Reason for outage: 15 January 2020

On 15 January, Realtime Trains and RailMiles suffered a 30 minute outage between 1038 and 1108 as a result of an issue with power delivery to our London DC.

Summary

Two separate issues compounded to cause a loss of connectivity to our switching equipment in the London data centre (DC). The direct cause is the malfunction of the management function of the ‘A’ side power distribution unit in our London DC which was then compounded by a wiring issue in the ‘B’ side core switch resulting in a loss of connectivity between our routers, firewalls and servers.

Detailed reason for outage

A loss of power information and management over remote reboot control on our ‘A’ side PDU in the evening of 14th January led to a request to reboot its management interface. We contract with our transit provider in London and they liaise with the DC on our behalf. The DC provides the PDUs as part of our contract.

Our upstream links pass directly into our routers and thence continue directly into the firewalls. The firewalls are directly connected to their core switch with a trunk link between all core switching. We have a pair of each networking device to create the ‘A’ and ‘B’ sides. Most of our networking equipment is fed by a single PSU per device and, to mitigate these issues, we have an ‘A’ side and ‘B’ side setup with each side connected to its appropriate PDU.

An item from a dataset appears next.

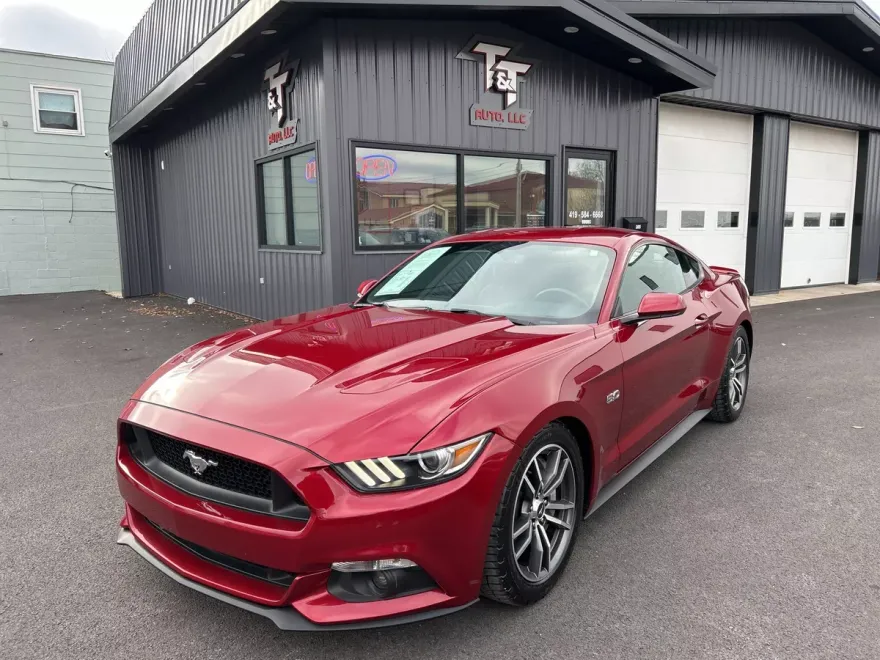 2017 Ford Mustang GT photo 1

On installation, we connected the ‘B’ side switch to the ‘A’ side PDU and vice versa by mistake. This meant we had a single point of failure on either PDU failing. We were previously aware of an issue with the wiring on the networking and were planning for further investigation with a visit in the coming weeks. We were not previously aware of an issue with crossed wiring for the core switch PSUs.

Failover is normally performed between our London and Manchester DCs automatically. There is a direct connection between the London and Manchester DCs and each connects to a third monitoring location for quorum. The system was designed to assume that there would always be connectivity in all three DCs. The outage in London did not result in a loss of connectivity to the routers or firewalls but did to the monitoring servers.

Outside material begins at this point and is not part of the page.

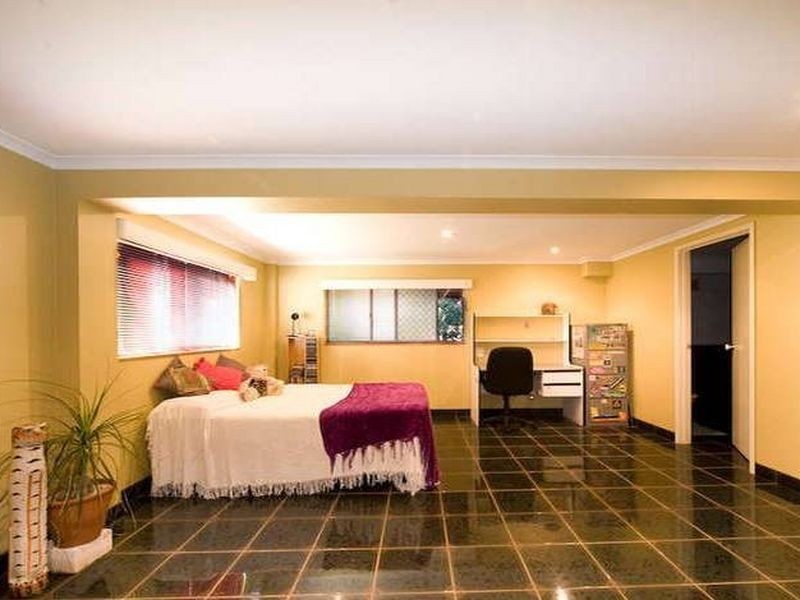 18 Colington Street, Mansfield QLD 4122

There are two connected reasons for the outage: the loss of power on the ‘A’ side PDU and a mistake during installation when installing the core switches. Our automatic failover failed to work due to an unexpected split brain scenario. The manual failover processes were also unavailable due to the same split brain scenario.

Mitigations

We will be making changes to the power delivery of the core switches before the end of the month. We have purchased equipment that will ensure the ‘A’ side receives power delivery from both PDUs. To avoid a single point of failure with this new equipment, we will be leaving the ‘B’ side connected to the ‘B’ PDU.

Adjustments are being made to the failover arrangements over the course of the next few weeks and we expect to be complete by the end of February.

Detailed event overview

3rd December 2019 18:56
We reported an issue to our London provider regarding the ‘A’ side PDU management not reporting the current power output of the unit.

4th December 2019 12:45
The management of the PDU was rebooted and function was restored.

14 January 2020 22:20
We noticed the same issue had recurred and reported the issue again to the provider.

14 January 2020 22:40
Our provider advised they would report the issue to the DC and requests were made about timings to potentially replace the PDU, given the rarity of such a fault happening twice. We reported back that we may have some issues with replacing straight away and we needed to check our documentation before proceeding any further as we suspected a wiring issue but in the networking equipment, rather than power.

15 January 2020 10:30 (approx)
The DC rebooted the management interface of the PDU which resulted in an unexpected effect onto the functionality of the PDU.

15 January 2020 10:38
Our external monitoring alerts as to a loss of connectivity to services in our London DC. The automatic failover functionality fails due to a split brain scenario, but we retain out of band access to the rack. Shortly after, we receive communications from our provider advising they have seen a loss of one BGP link, expected if power is lost.

15 January 2020 10:50
We finish our investigations and conclude the ‘A’ side has lost power. This is reported to our provider and the DC. We identify a previously unknown wiring issue with our core switching on the ‘B’ side, which was unexpectedly powered from the ‘A’ side, meaning there was no through path for any connectivity on the ‘B’ side while the ‘A’ side was powered off.

15 January 2020 11:08
Power to the ‘A’ side is restored and the service returns online.